### Assigned task
Give back every record word for word, keeping the pictures out.

Image-caption web data:
□ □ □

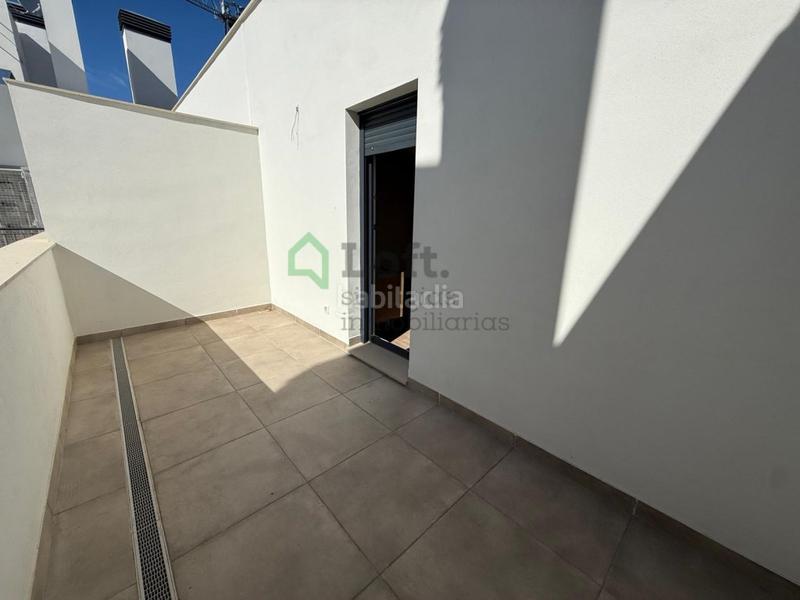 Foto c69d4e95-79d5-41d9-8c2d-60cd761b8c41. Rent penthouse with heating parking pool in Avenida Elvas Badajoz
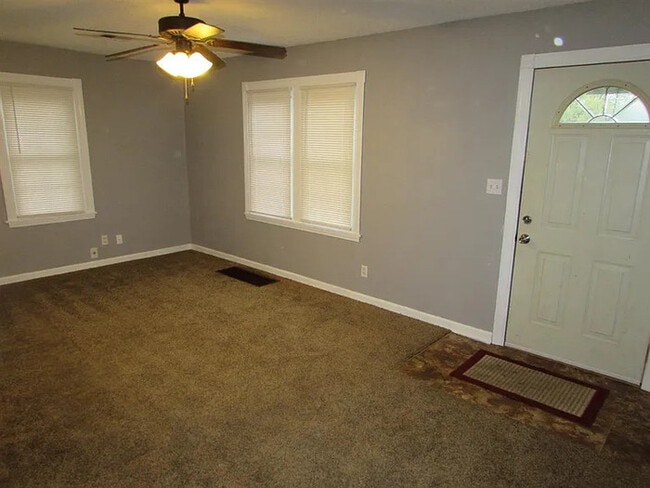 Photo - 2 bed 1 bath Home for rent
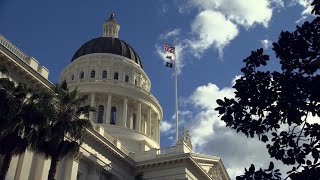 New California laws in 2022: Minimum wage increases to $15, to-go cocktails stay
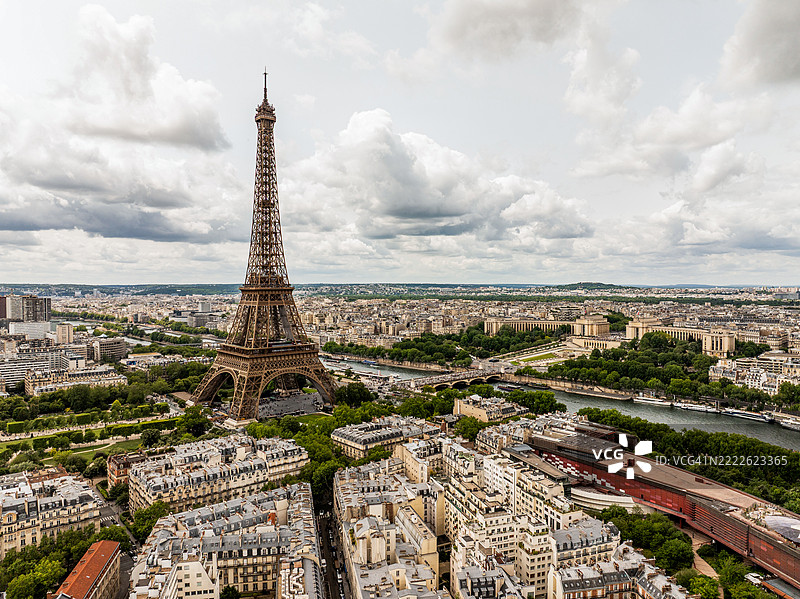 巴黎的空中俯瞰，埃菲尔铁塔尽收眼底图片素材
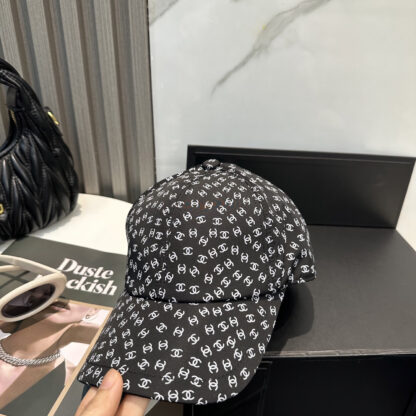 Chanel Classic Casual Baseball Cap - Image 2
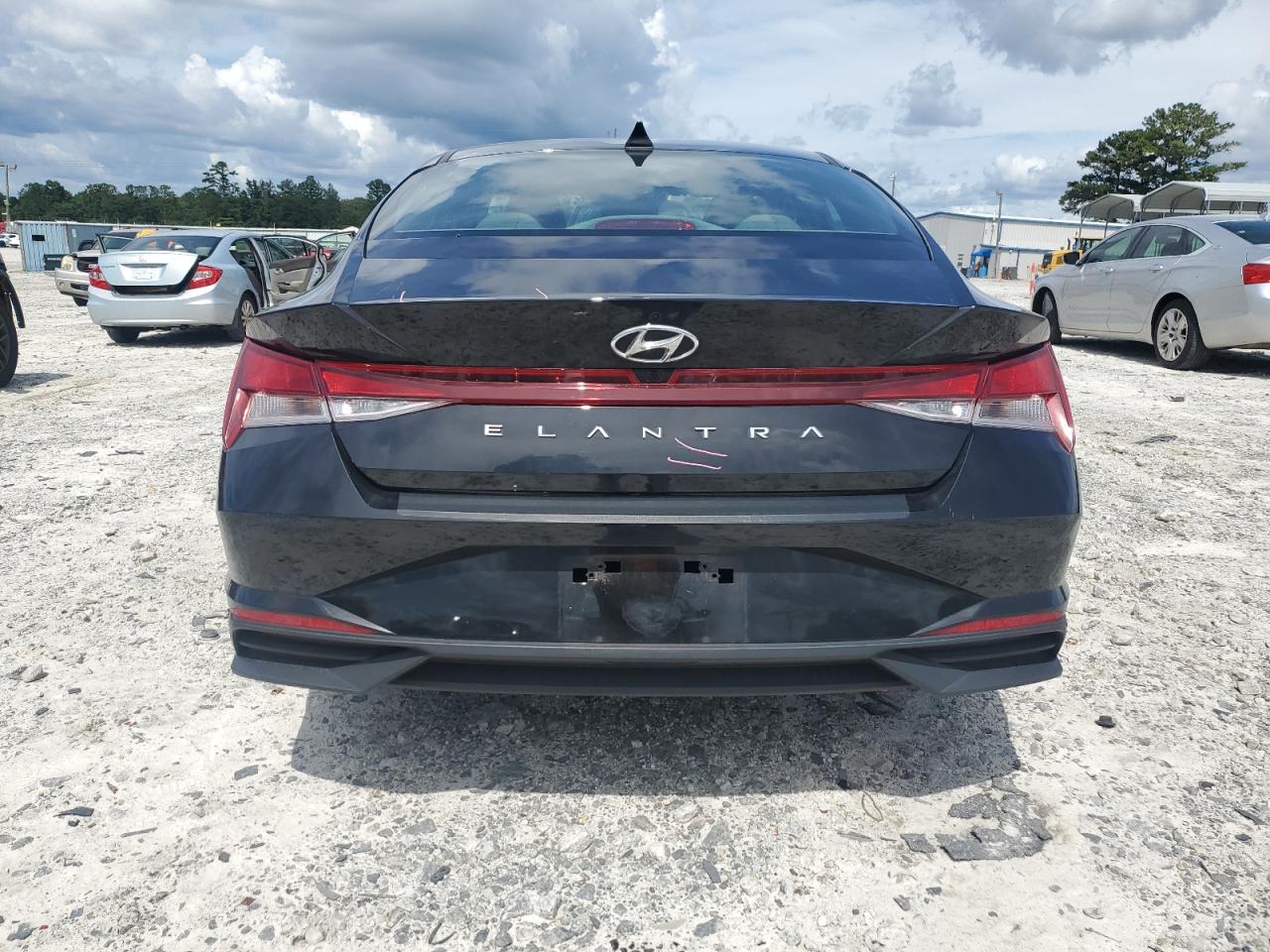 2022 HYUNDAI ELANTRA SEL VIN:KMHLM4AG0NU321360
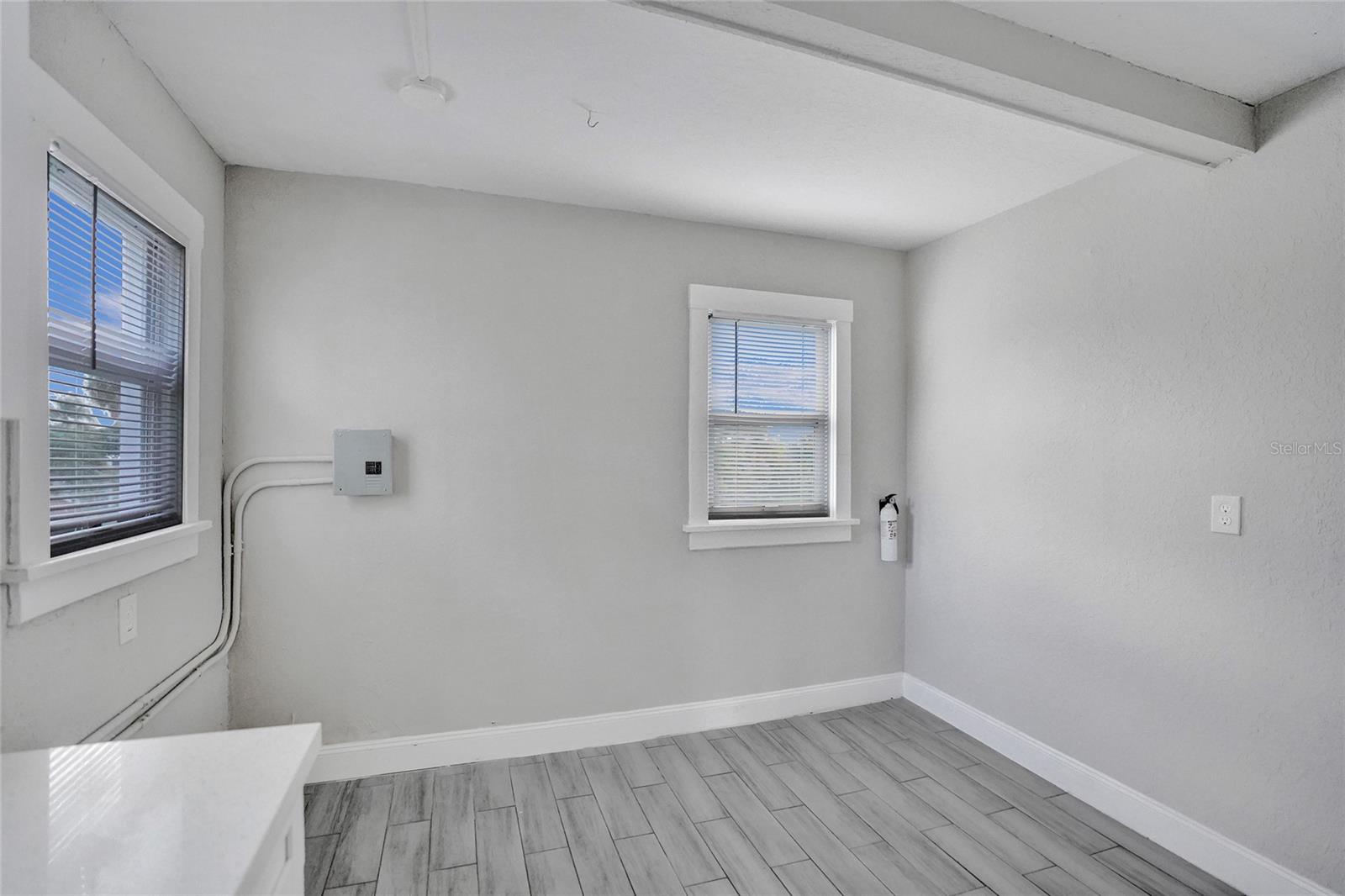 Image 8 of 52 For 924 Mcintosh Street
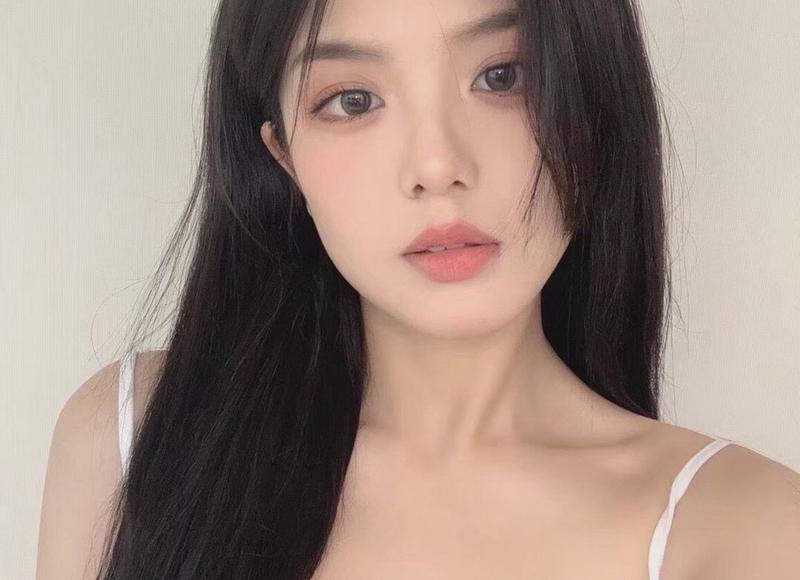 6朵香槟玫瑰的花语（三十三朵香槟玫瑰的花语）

□ □ □

### Reply
 Foto c69d4e95-79d5-41d9-8c2d-60cd761b8c41. Rent penthouse with heating parking pool in Avenida Elvas Badajoz
 Photo - 2 bed 1 bath Home for rent
 New California laws in 2022: Minimum wage increases to $15, to-go cocktails stay
 巴黎的空中俯瞰，埃菲尔铁塔尽收眼底图片素材
 Chanel Classic Casual Baseball Cap - Image 2
 2022 HYUNDAI ELANTRA SEL VIN:KMHLM4AG0NU321360
 Image 8 of 52 For 924 Mcintosh Street
 6朵香槟玫瑰的花语（三十三朵香槟玫瑰的花语）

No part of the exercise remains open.